Earliest "Dead Martian" Hoax
Le Pays of June 17, 1864 put into circulation a frightful canard, of supposedly American origin, but which obviously came from a Paris pharmacy, and which had the aim of mystifying the good-natured Frenchman by a comical amplification of recent discoveries concerning aerolites and fossil man. We do not know to what extent these enterprises are allowed to strain public credulity, especially when they are perpetrated with an extent and length which denote a great bias for success. However, we do not want to take things from the dark side; we prefer, like the ancient philosopher, to laugh at the event, so as not to have to cry about it. The astonishing piece which made the rounds of the provincial newspapers, after being received in some Parisian newspapers, had the title: An Inhabitant of the Planet Mars; it claimed to be a correspondence from Richmond, and the Country published it with all reservations! ...

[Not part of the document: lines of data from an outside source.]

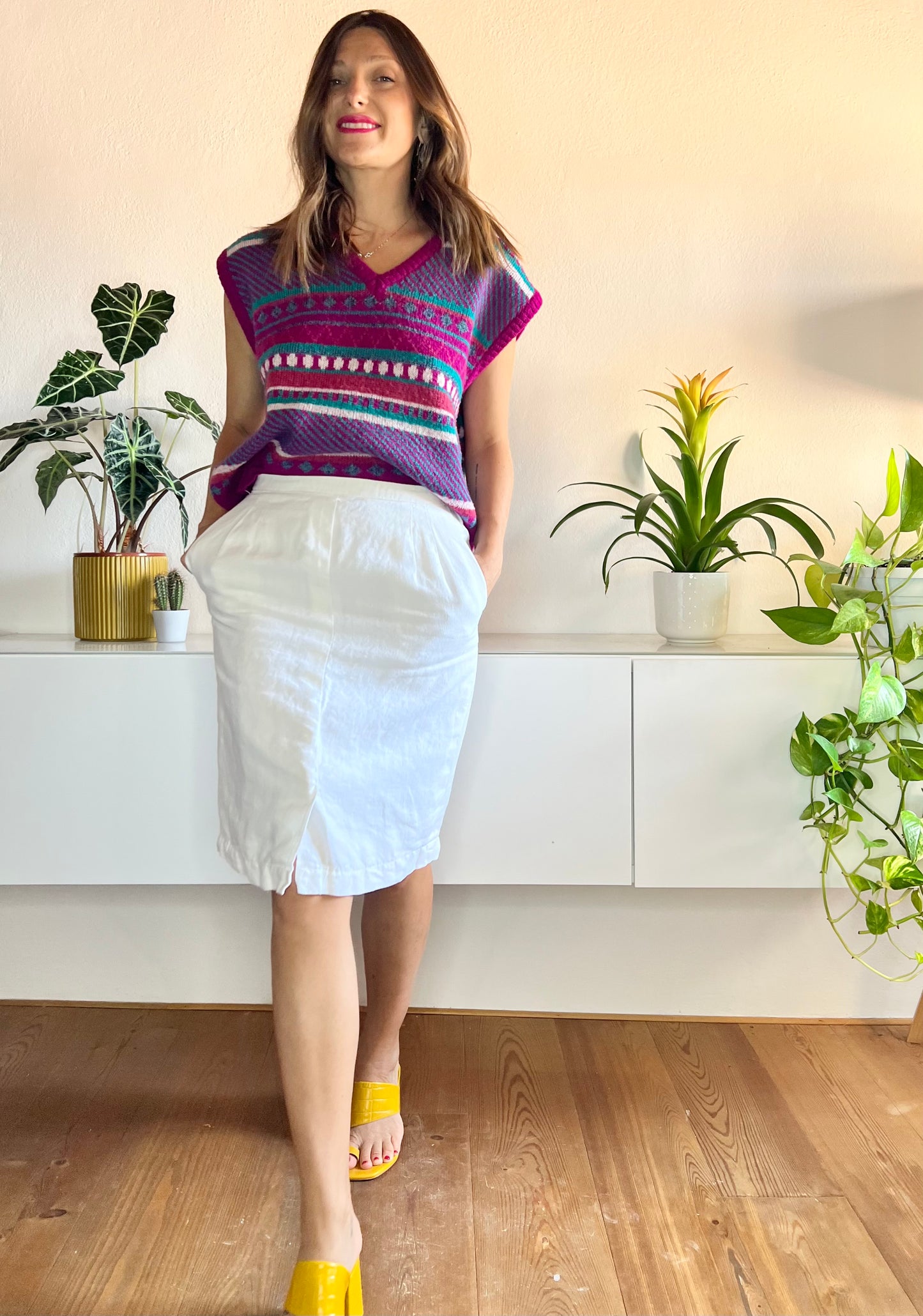 Gonna a tubino in lino bianco vintage anni '70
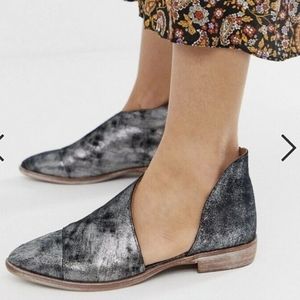 Free People Royale Metallic Leather Flats in Black Silver EUR 37 US 7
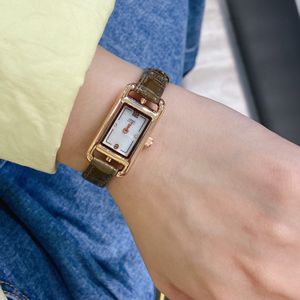 Orologi da polso di marca completi di moda da donna, quadrante rettangolare, cinturino in pelle, orologio di lusso al quarzo H09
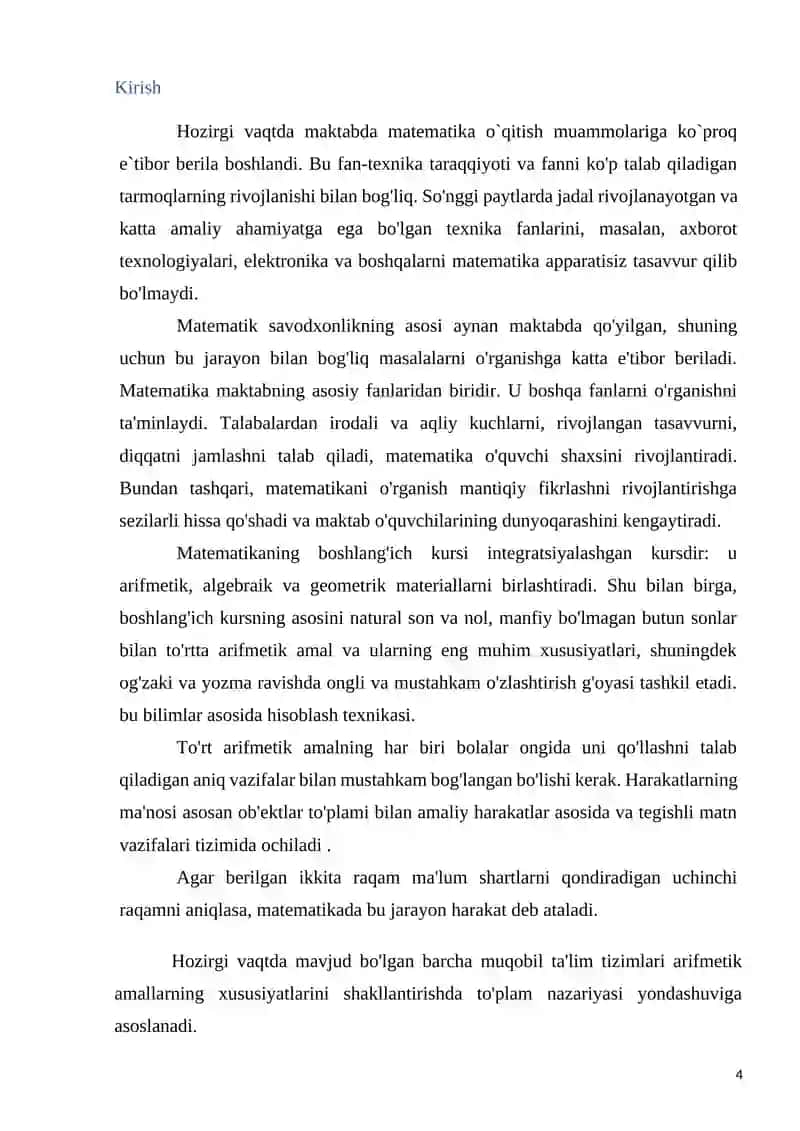 Matematika Boshlang'ich Kurs 2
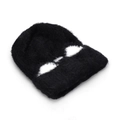 Berretto in maglia pelosa invernale con orecchie di gatto e motivo occhi di cartone animato - Taglia unica / Nero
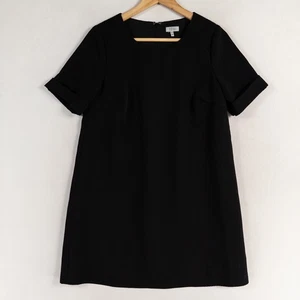 TOBI Mini Shift Dress Sz Small Black Short Cuffed Sleeve Lined Retro Minimalist - Picture 1 of 9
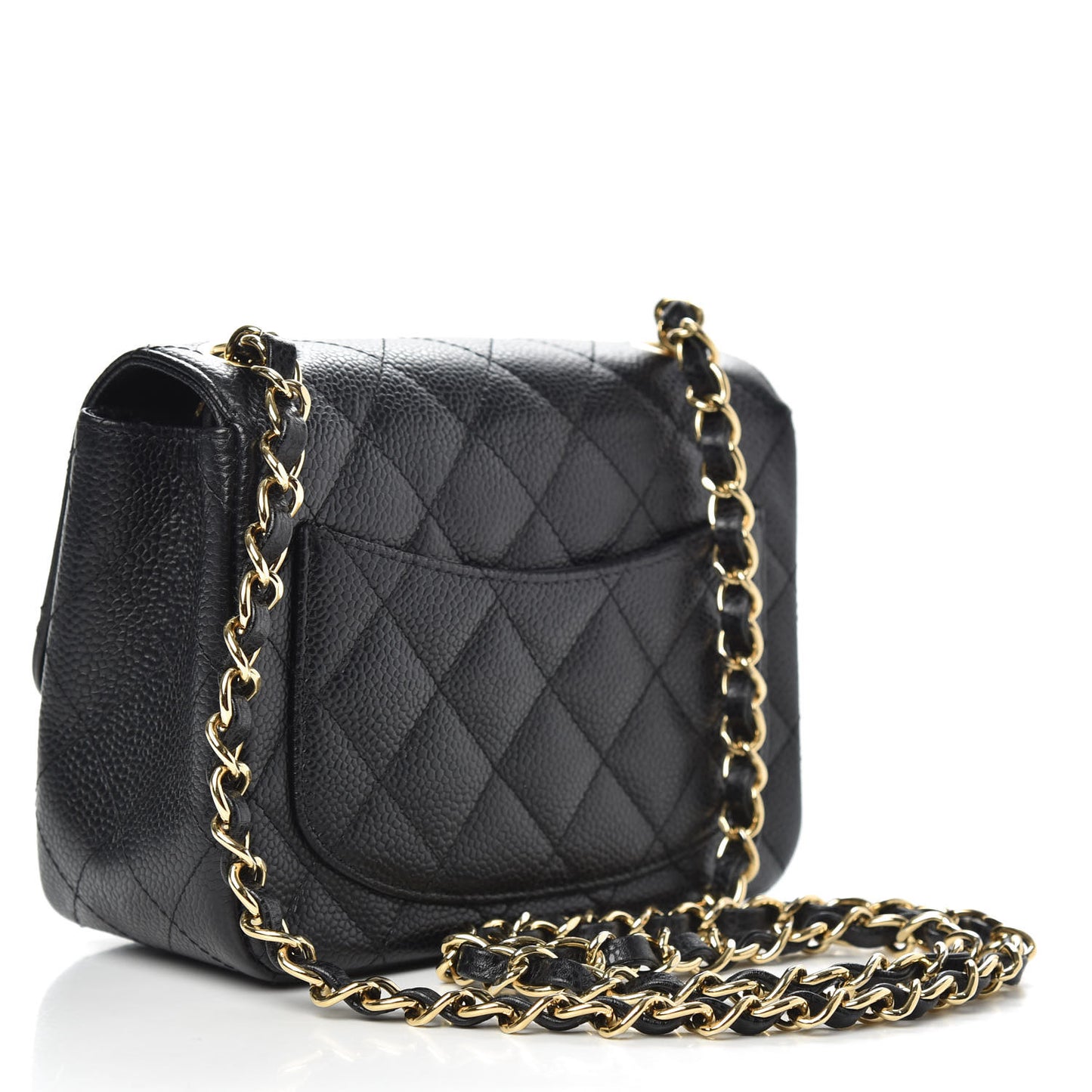 Caviar Quilted Mini Square Flap Black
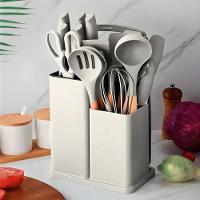 Kit Utensílios De Cozinha 19 Peças Silicone Premium Resistentes A Altas Temperaturas Inox E Madeira - Cinza - 2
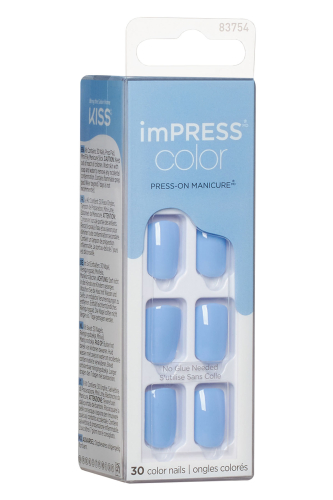 İmpress Color Kendinden Yapışkanlı Takma Tırnak Kısa Parlak Mavi - 3
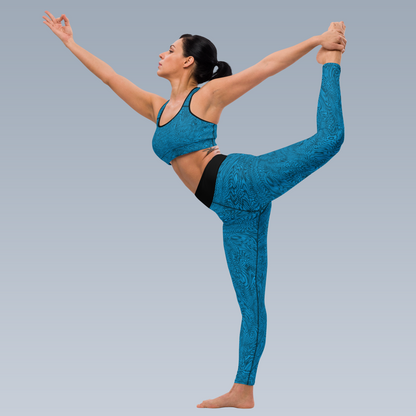 Fractal Yoga Leggings (Sky Blue)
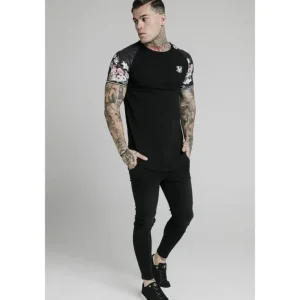 SikSilk S/S Prestige Floral Inset Tech Tee - Black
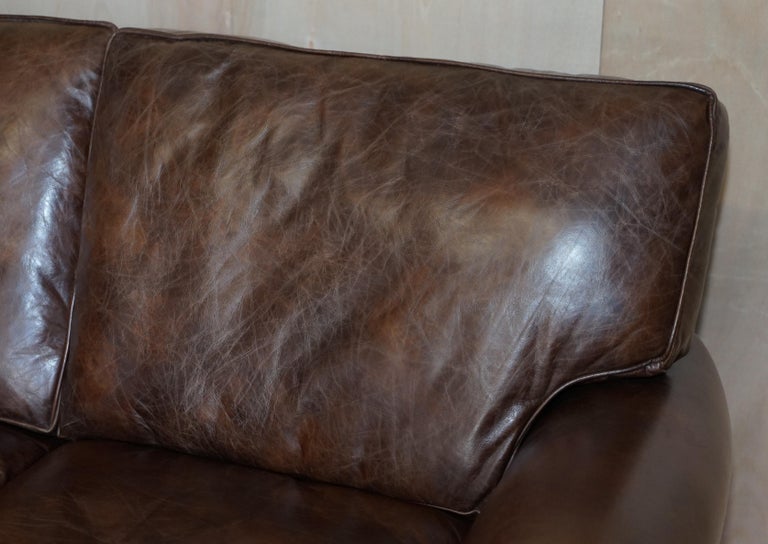 Hand-Crafted 1 of 2 Stuning Timothy Oulton Balmoral Hand Dyed Brown Leather Sofas Wide For Sale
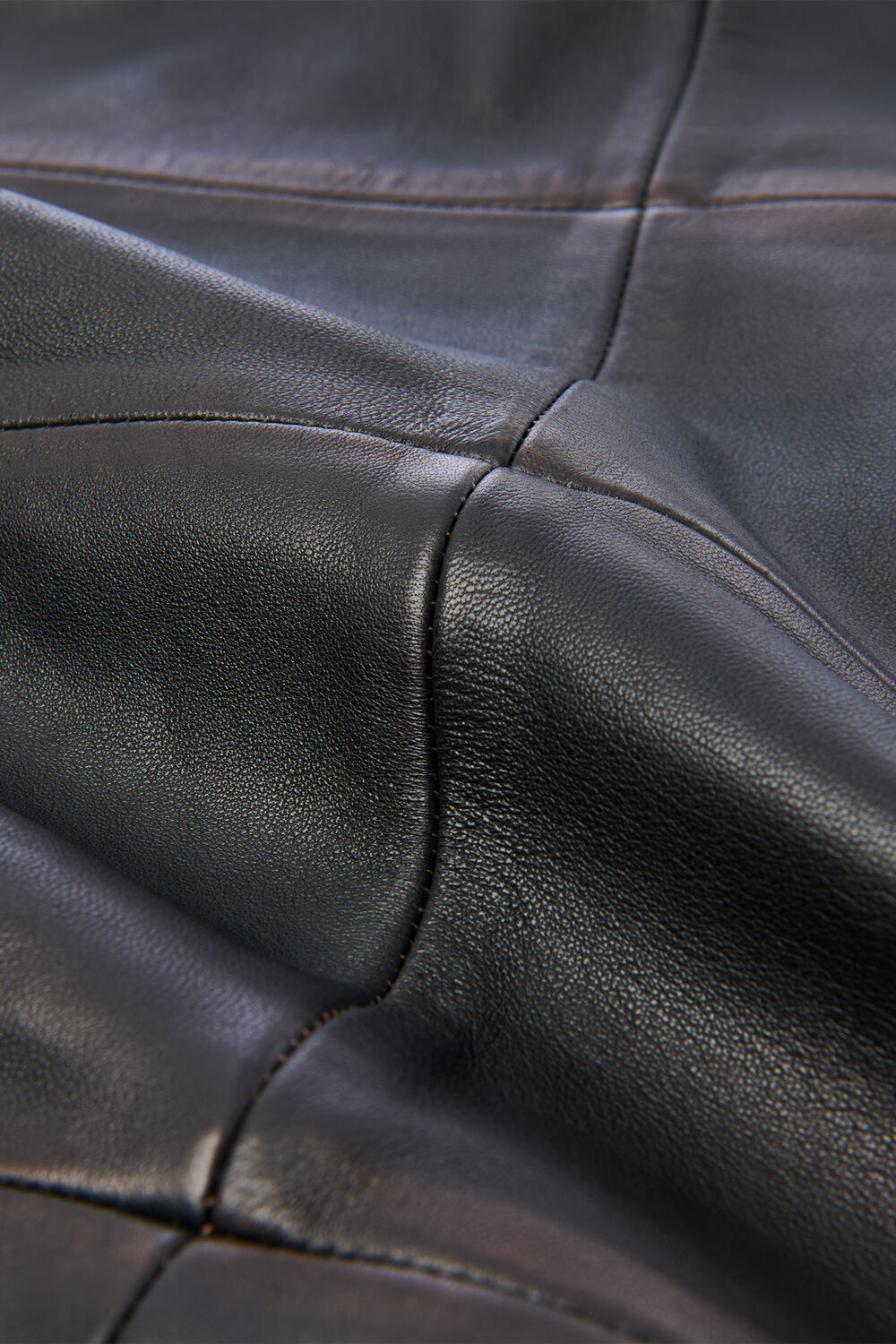 Burnished Leather Midi Skirt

Here's the bottom of the story:
In the country of the Arrapahys, around Pic-James, a rich owner, whom the author of the correspondence gives the name of Sir Paxton... had begun excavations to look for a deposit of petroleum oil. One morning... after more than fifteen days of assiduous work, we exposed an enormous mass of which no sample had been, until today, encountered on our globe. This mass measures, at its largest diameter, approximately 40 meters, and 30 meters at its smallest. We noticed breaks and crevices, from which considerable fragments must have come off. Its surface is covered with a sort of black enamel, of variable thickness. The mass itself, according to Mr. Davis... contains alkaline and earthy silicates, a host of metals, among which we will be careful not to forget cesium; finally ammonia hydrochloride and graphite. However, graphite and ammonia hydrochloride are the two substances whose presence Mr. Cloëz reported in the aerolite of May 14, emphasizing the rarity of this circumstance. This is a truly happy coincidence! It is believed, however, that Mr. Davis, the distinguished geologist from Pittsburg, would not have found these two substances in the famous aerolite, if Mr. Cloëz's communication to the Academy of Sciences of Paris had not already been made known...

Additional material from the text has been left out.